Subsequent replication jobs from the same source location to the same target on the destination are incremental data replication, so only the changed data is copied.
When a bootstrap operation is interrupted, such as due to a network failure or an unrecoverable error, the Replication Manager does not retry the job instead it runs the job at the next scheduled interval, if available. Therefore, if the bootstrap operation is interrupted, you must manually correct the issue and then run the policy.
When scheduling how often you want a replication job to run, you should consider the recovery point objective (RPO) of the data being replicated; that is, what is the acceptable lag time between the active site and the replicated data on the destination.

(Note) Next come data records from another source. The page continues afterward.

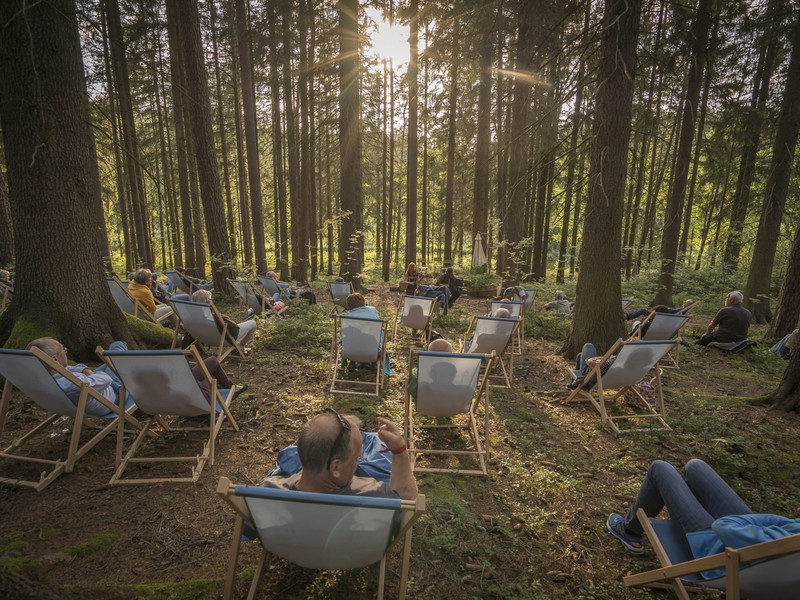 Besser geht Kulturgenuss nicht: Die Ö1 Waldbühne beim Schrammelklankgfestival. Es performt das Duo Rittmannsberger/Soyka.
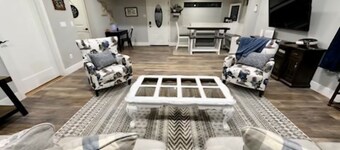 Serein by the Sea - Find relaxation where the ocean meets the redwoods!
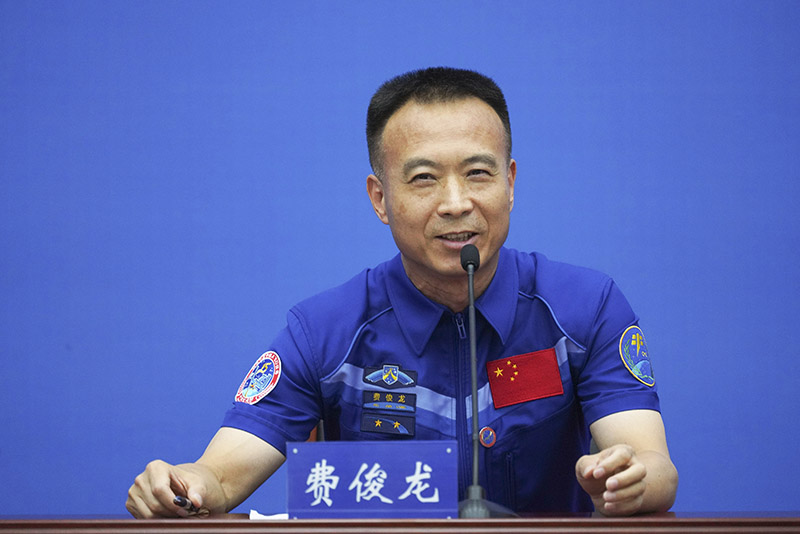 神十五航天员乘组太空归来后首次公开亮相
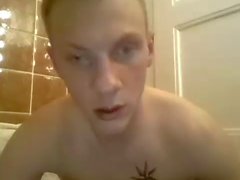 22yo Ficksahne boy im Badezimmer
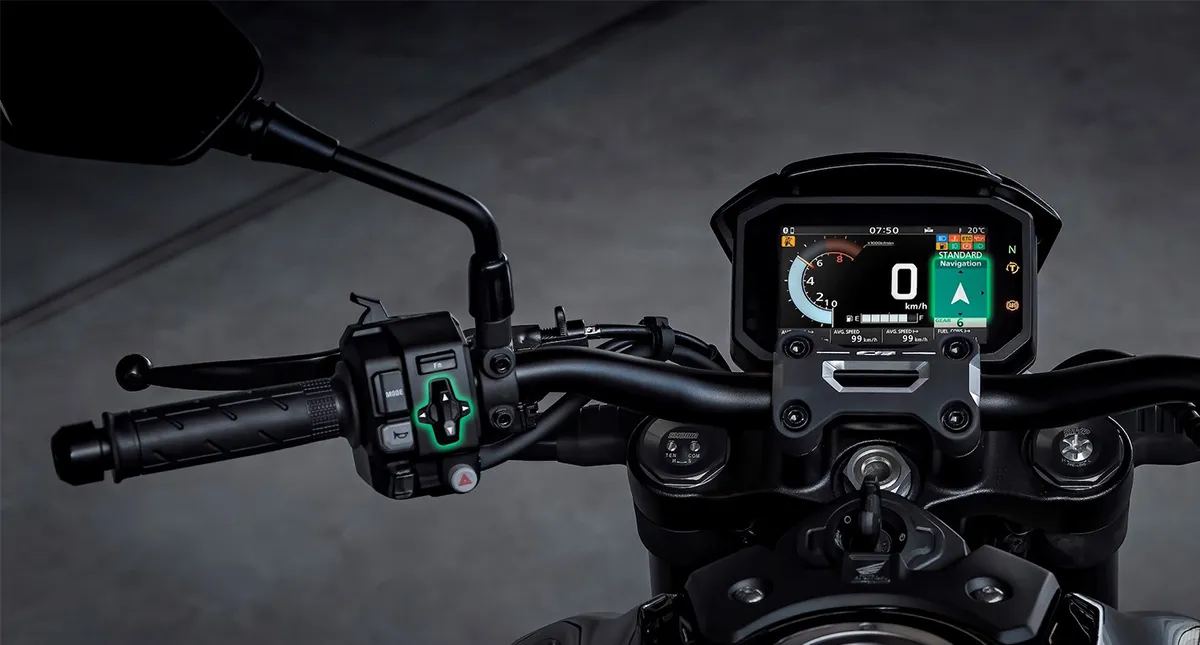 Guidão e Painel com sistema Smartphone Voice Control e Honda RoadSync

Replication policy considerations
You should take into consideration certain guidelines when creating or modifying a replication policy. It is important for you to understand the security restrictions and encryption policies within Replication Manager.
The guidelines you need to consider before you create or modify a replication policy includes:
- Data security
- To use an S3 or ABFS cluster for your policy, register your credentials on the Cloud Credentials page. A user with access to the Replication Manager user interface has the ability to browse, within the Replication Manager UI, the folder structure of any clusters enabled for Replication Manager.
- Policy properties and settings
- Consider the recovery point objective (RPO) of the data being replicated when you schedule a replication policy. The RPO is the acceptable lag time between the active site and the replicated data on the destination. Ensure that the frequency is set so that a job finishes before the next job starts.
- Cluster requirements
-
- Pair the clusters before you include them in a replication policy.
- With a single cluster, you can replicate data on-premises to cloud.
- With a single cluster, you cannot replicate data on-premises to on-premises.
- If the clusters are Replication Manager-enabled, it appears in the Source Cluster or Destination or Data Lake Cluster fields in the Create Policy wizard. You must ensure that the clusters you select are healthy before you start a policy instance (job).
- Hive restrictions
-
- When creating a schedule for a Hive replication policy, you should set the frequency so that changes are replicated often enough to avoid overly large copies.
- ACID tables, managed tables, storage handler-based tables such as Apache HBase, and column statistics are not replicated. ACID tables and managed tables are converted to external tables after replication.